Delegates at the IGD convention said rising input costs were still the biggest challenge for the grocery industry, ahead of overseas competition, slow consumer spending and difficulties raising capital.

Two years ago soaring commodity and energy price hikes led to rampant food price inflation, and with currency deflation, last year's poll of senior industry delegates found 44% were still concerned about input costs.

But with food price inflation broadly under control since February, the IGD poll which showed 37% still concerned about input costs suggests commodity prices remain a long-term concern. When asked when oil prices would reach $150 a barrel, almost half believed it would happen in five years (49%) while 23% thought 10. Just 5% felt it would not happen in their lifetime.

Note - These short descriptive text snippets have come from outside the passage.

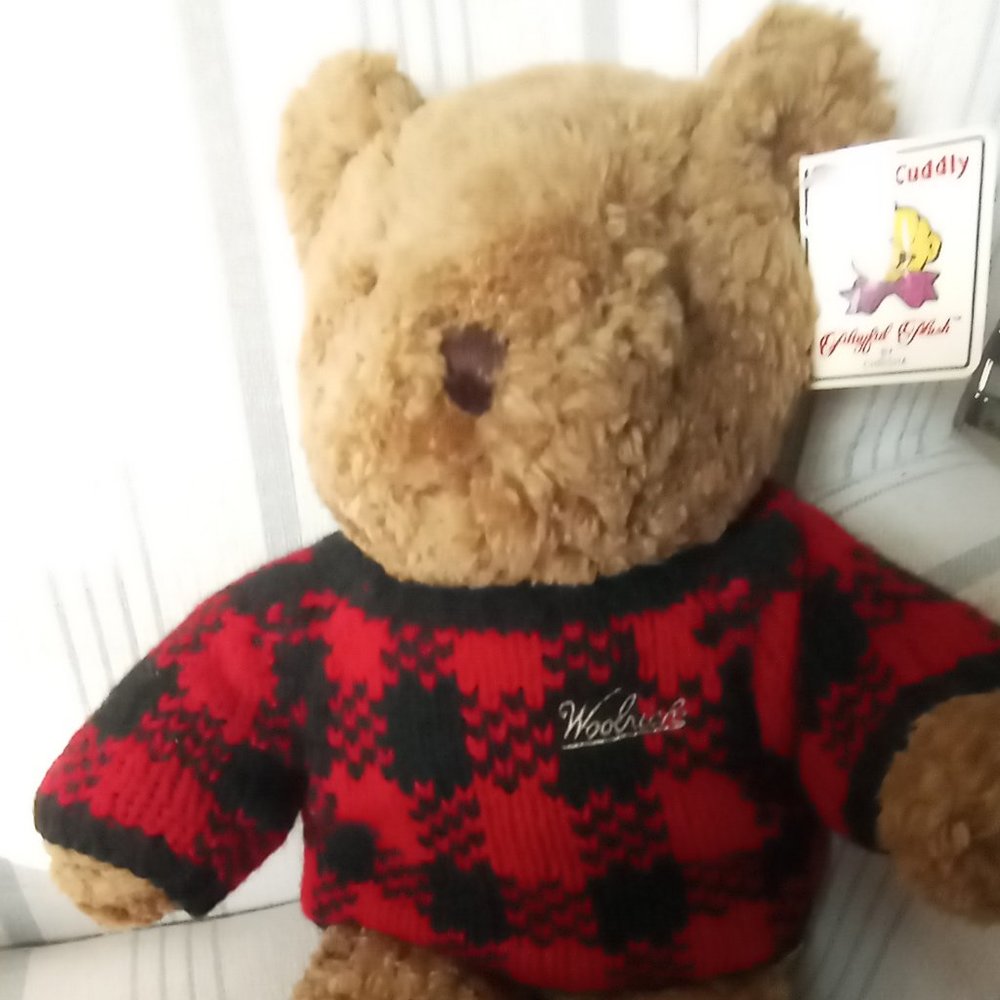 'CHRISHA' Plush Teddy wearing Woolrich sweater EUC
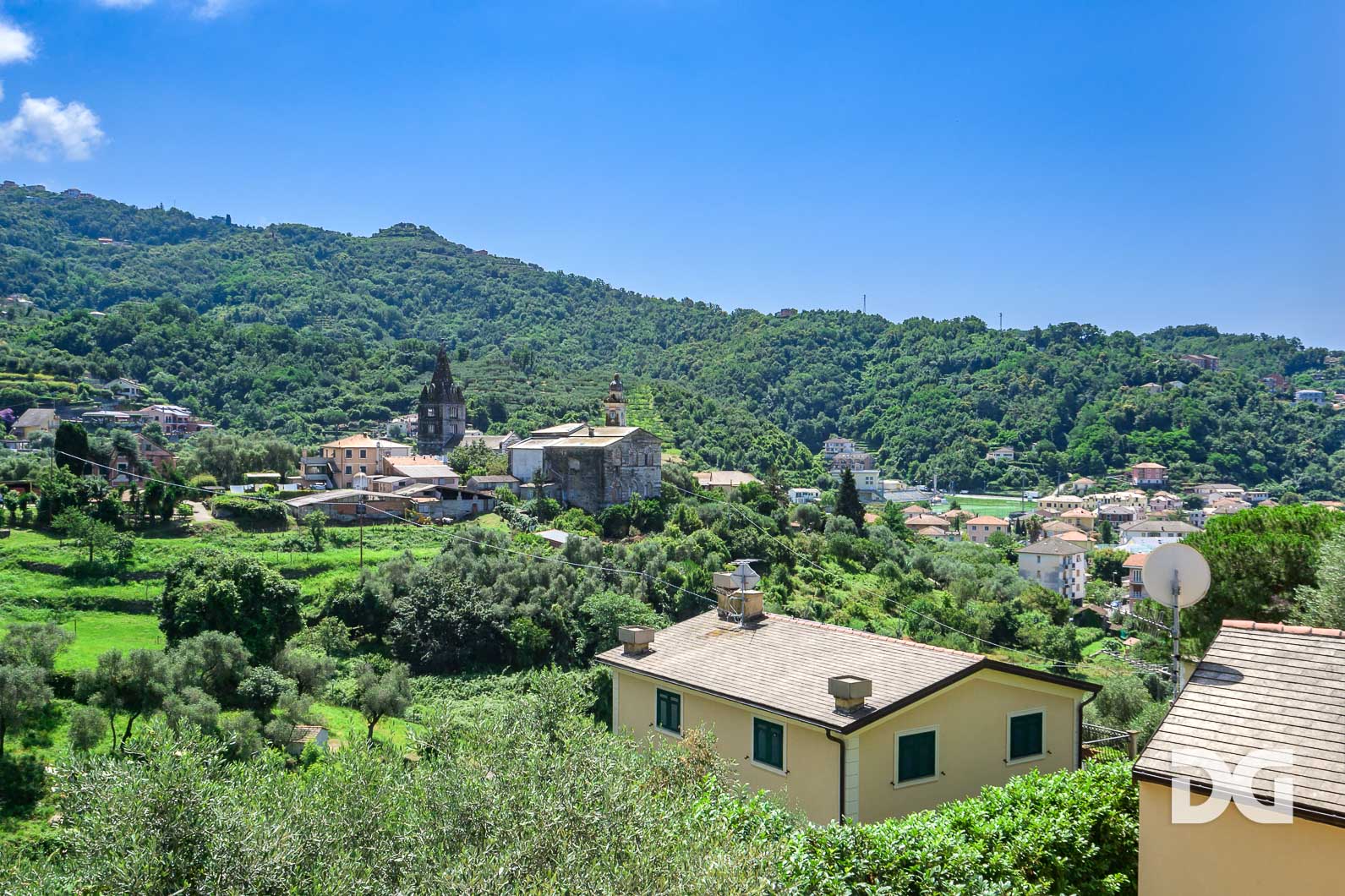 Immobiliare Del Guasta LAVAGNA-COGORNO – VILLA MQ. 270 IMMERSA NEL VERDE 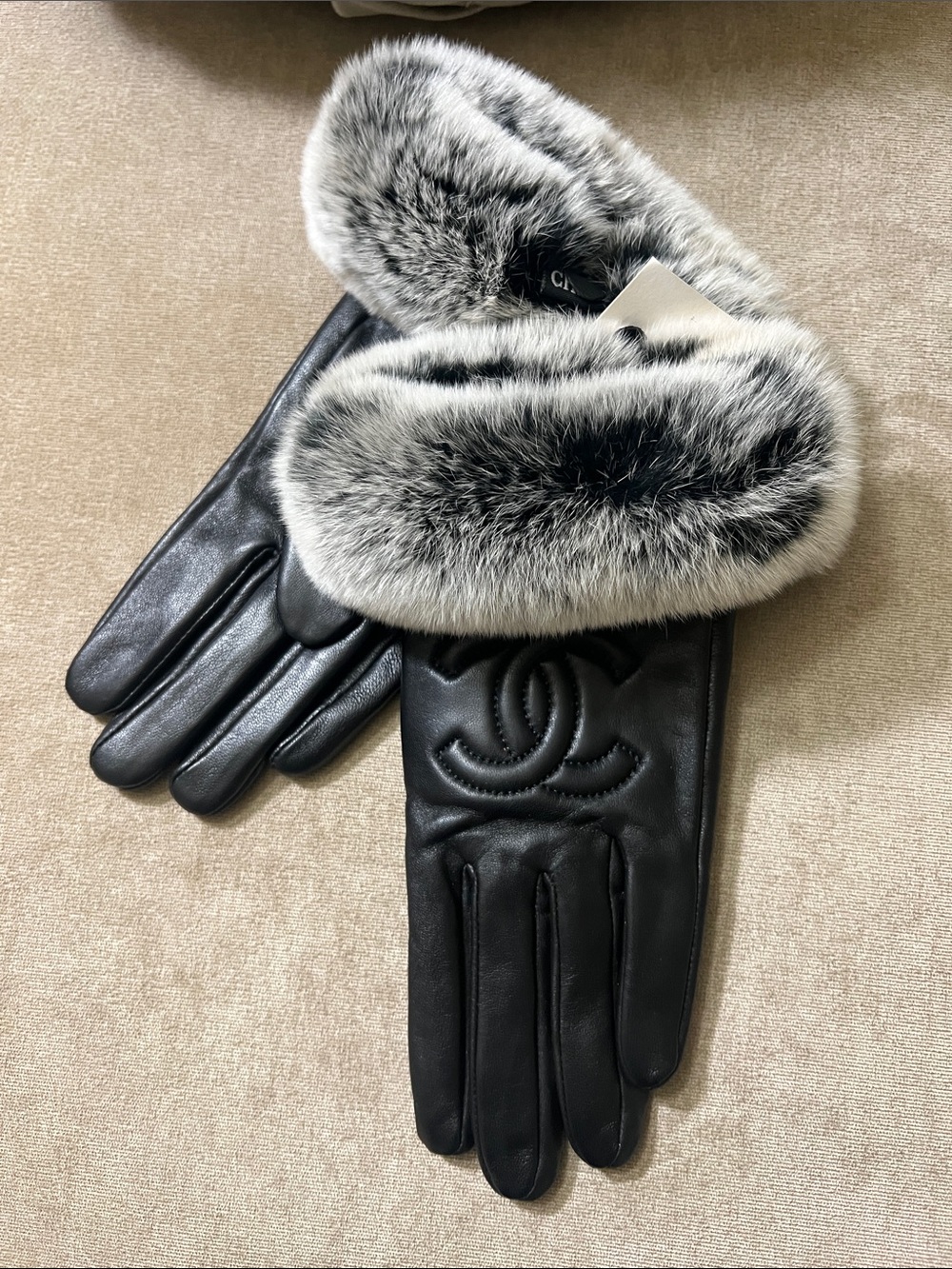 New Luxury Black Leather Women's Gloves with Gray Faux-Fur Cuff and Logo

Optimism about the economy was cautious, but there were clear signs most business leaders believed rock bottom had been reached. Of those polled, 45% believed the economy would be 'slightly better' in 2010, while 34% thought it would be 'about the same'. Just 15% thought the 'worst was yet to come'.

The IGD also polled a sample of 1,091 consumers on their attitudes to money and found the recession may have altered their behaviour for good. More than half (54%) said they would be more careful about spending money in the future than they were currently, regardless of economic recovery. Only 5% predicted they would be more frivolous.

When asked how they pictured grocery shopping in 2012, many shoppers said their behaviour would change, with 22% shopping more online, 15% shopping less on the high street, and 29% shopping at discounters more. However, 26% said they would shop more at farmers' markets and 23% more at specialist stores. 

"Shoppers intend to keep changing their habits, seeking more from less, and they expect the food and grocery industry to keep delivering better value," said IGD chief executive Joanne Denney-Finch (pictured).